A los armarios también les llega su tren de partida para divagar sin rumbo por las extremidades de los sueños, unas veces con el equipaje a cuestas y otras -las menos- con lo puesto; desde el armario al infinito solo hay un tramo de pequeñeces y los viajes parecen siempre los mismos, como si solo se moviera el pensamiento y nunca la memoria. Ayer, tarde de agosto, diera en casa por cambiar las arrugas de las mangas y ponerlas al orden izquierdo para que las camisas gozaran de distinto espacio, teniendo para ello que desocupar sitios, tirar las prendas en más desuso y refrescar con ellas el pozo de las emociones. Allí estaba el traje de vivir, cada corbata de andar por las esperanzas, cada pantalón hecho al molde del cuerpo, cada mancha o retazo de mancha que quedara como intérprete de las andanzas; allí podían buscarse madrugadas, besos, canciones, desengaños, amores, signos, el armario es también un murmullo del pasado con alma quieta.

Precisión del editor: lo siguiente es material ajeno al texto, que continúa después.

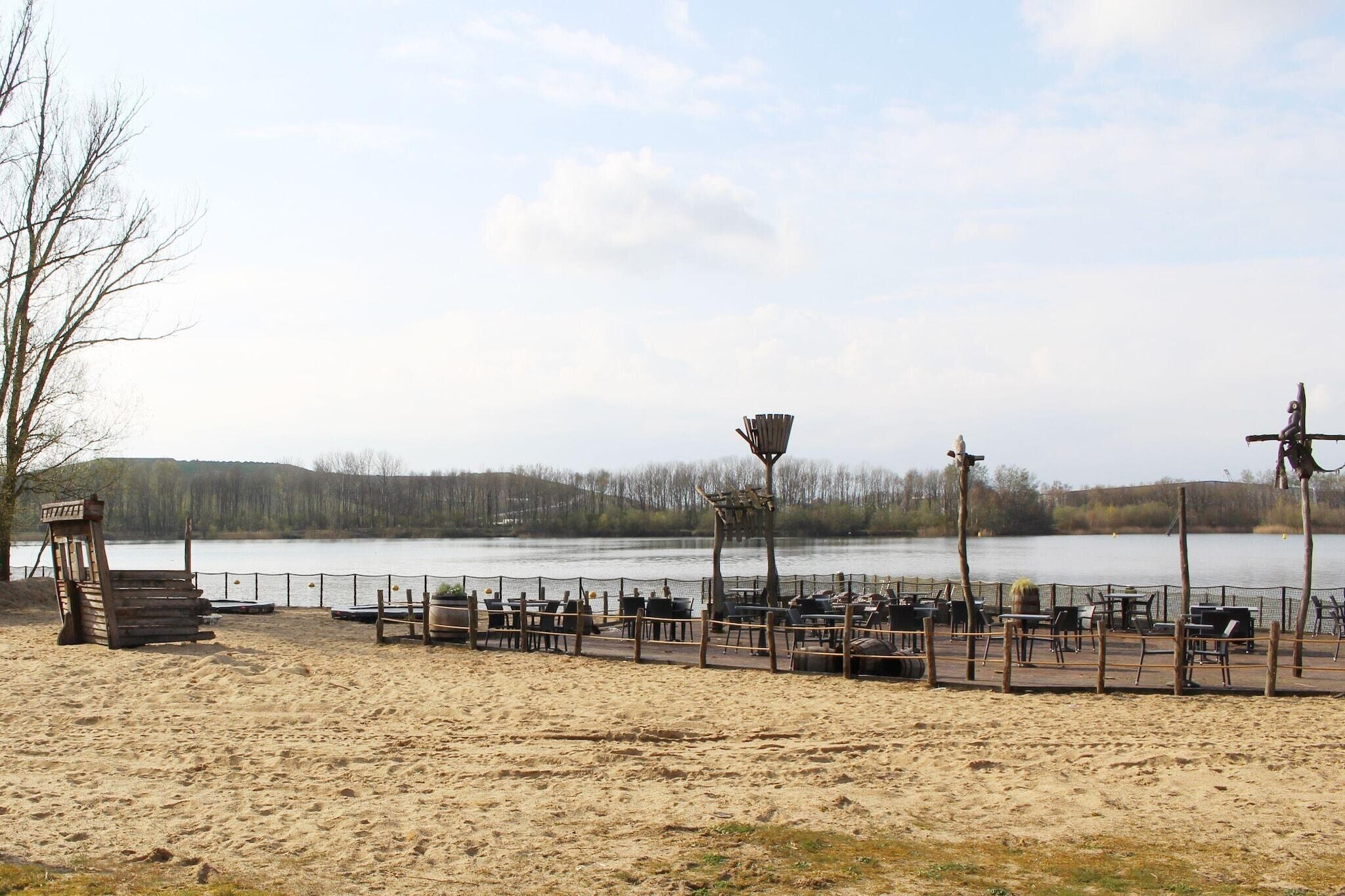 A lakeside area with a wooden deck, tables, and chairs, surrounded by a fence.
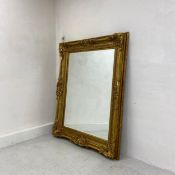 A large wall mirror in the French 19th century style having rectangular bevelled plate in a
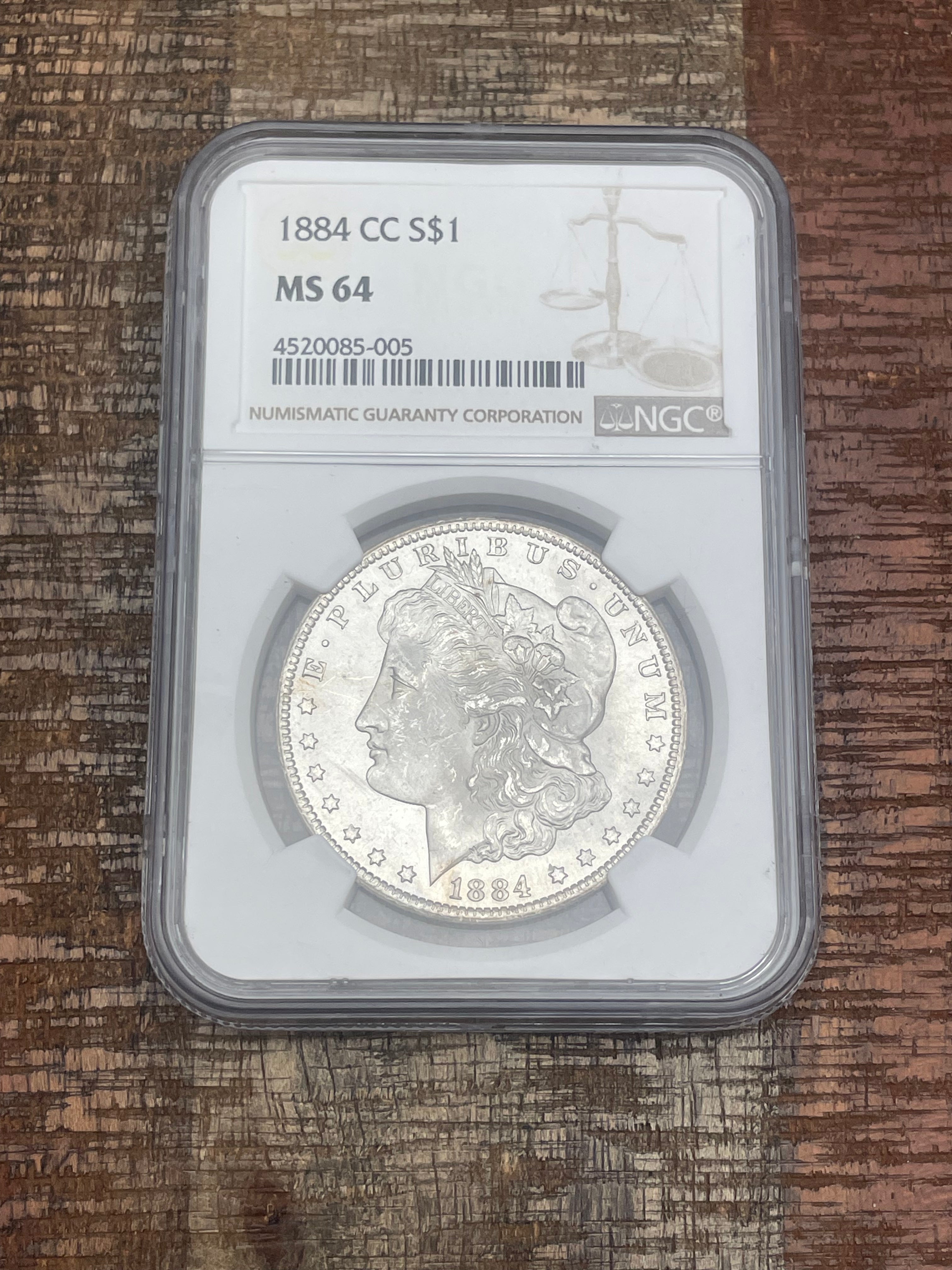 1884-CC $1 US Morgan Silver Dollar ~ NGC MS64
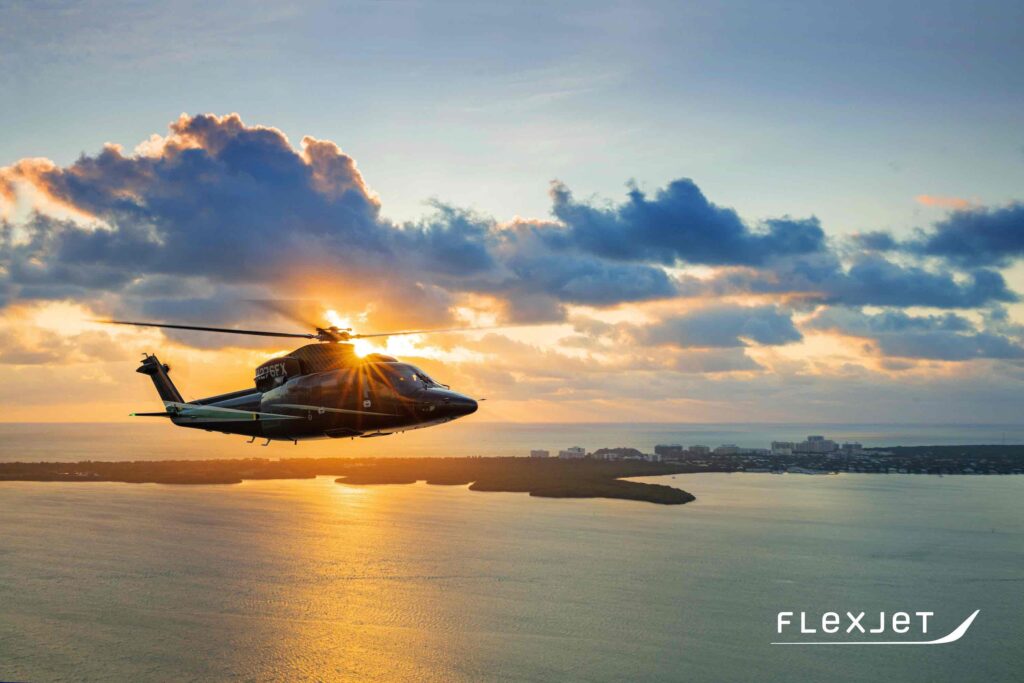 Flexjet Sikorsky S-76 Helicopter flying over the Intracoastal Waterway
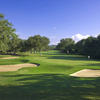 A view of a green protected by bunkers at Hill Country Golf Club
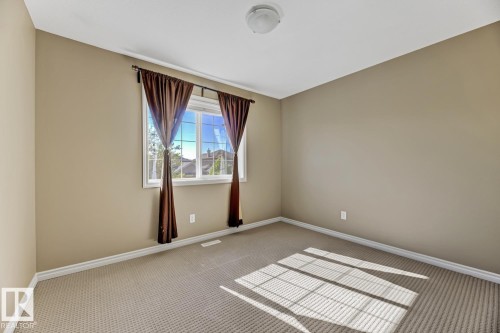 This room features a window with brown drapes, carpeted flooring, and light-colored walls - 3105 Tredger Place, Edmonton, AB - Indoor Photo Showing Other Room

Al terminar de colocar de nuevo y de otra manera las cosas del armario se vino a la punta de la lengua la primera palabra o la penúltima pasión y los hondos altillos apretujaron otra vez los mismos recuerdos, dando a entender quizá que los cambios de lugar traen a la evocación la mística del sentimiento y la consignación de otro orden pero jamás impiden que se borren los estigmas, las brechas, la resignación y los recuerdos que tan cuidados permanecen con lealtad en el misterio del armario.